What Is Justice?
Jeffrey Skilling, former CEO of Enron, will be sentenced today.
Mr. Skilling, 52, a former Enron chief executive, will stand in federal court here on Monday and receive a sentence that many expect will keep him in prison for the rest of his life. Most legal experts are betting that United States District Judge Simeon T. Lake III will give Mr. Skilling a sentence of at least 25 years for his role in heading a conspiracy to defraud Enron investorsI have to admit, I blanched at this statement. "For the rest of his life"? . . . that's a long time!
But remember the facts of the case. Not only Wall Street, but Enron's own employees were the victims of this fraud -- most of whom saw their entire retirement plans wiped out. Skillings' profits came straight out of his employees pockets, and that's robbery!
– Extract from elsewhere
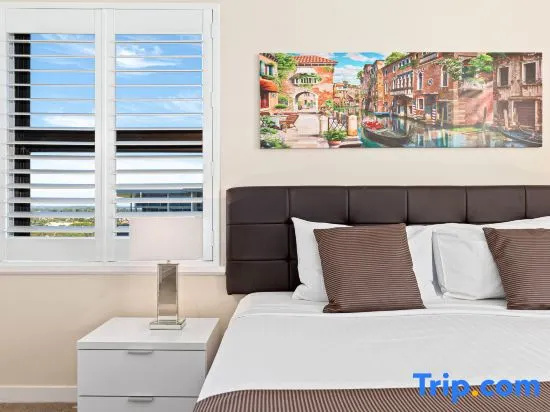 2 Bedrooms Superior room with ocean view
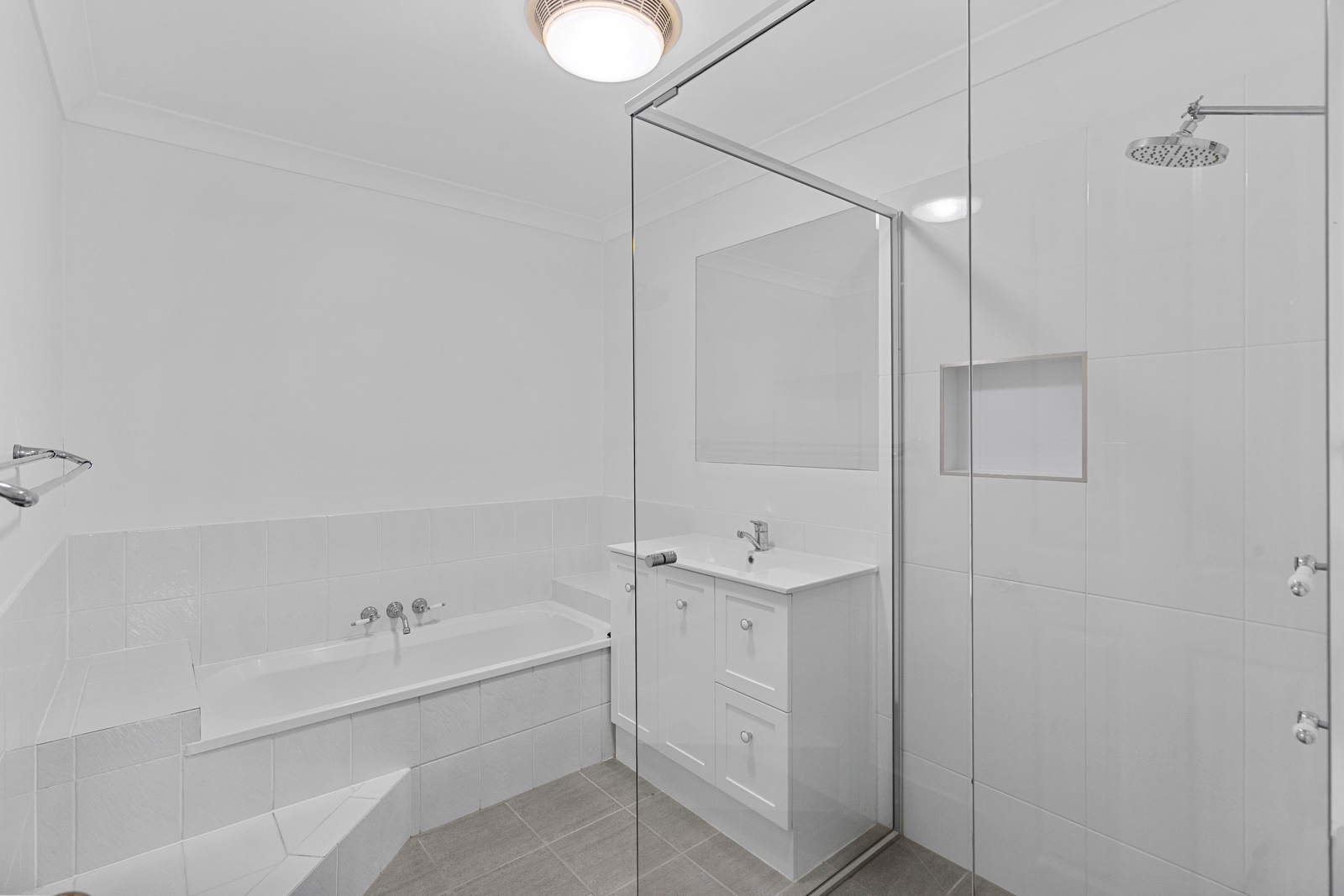 Rental: 2/11 Janal Place, Currumbin Waters, QLD, 4223 photo-6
White collar crime hasn't been punished this severely in the past. Life sentences are reserved for the drug dealers, purse snatchers, and repeat-offender petty criminals. Of course our punishment system is racist, and it's good to see the tables turned for once.
Still, something bothers me, here. While Skilling takes the heat, Ken Lay got off scot-free, by dying and having his case dismissed. Andrew Fastow, who ratted on the rest, plea-bargained for six years in prison. The NY Times article itself, by giving a lot of space to Skilling's personal life over the last six months, seems to be subtly suggesting the old approach of mercy in the case of white collar crime.
And outrageous as the Enron case really is, how does it compare to the crime of lying the nation into war? If 25 years is suitable punishment for defrauding investors of half a billion dollars, what is the punishment for defrauding a nation of half a trillion? What is the punishment for murder?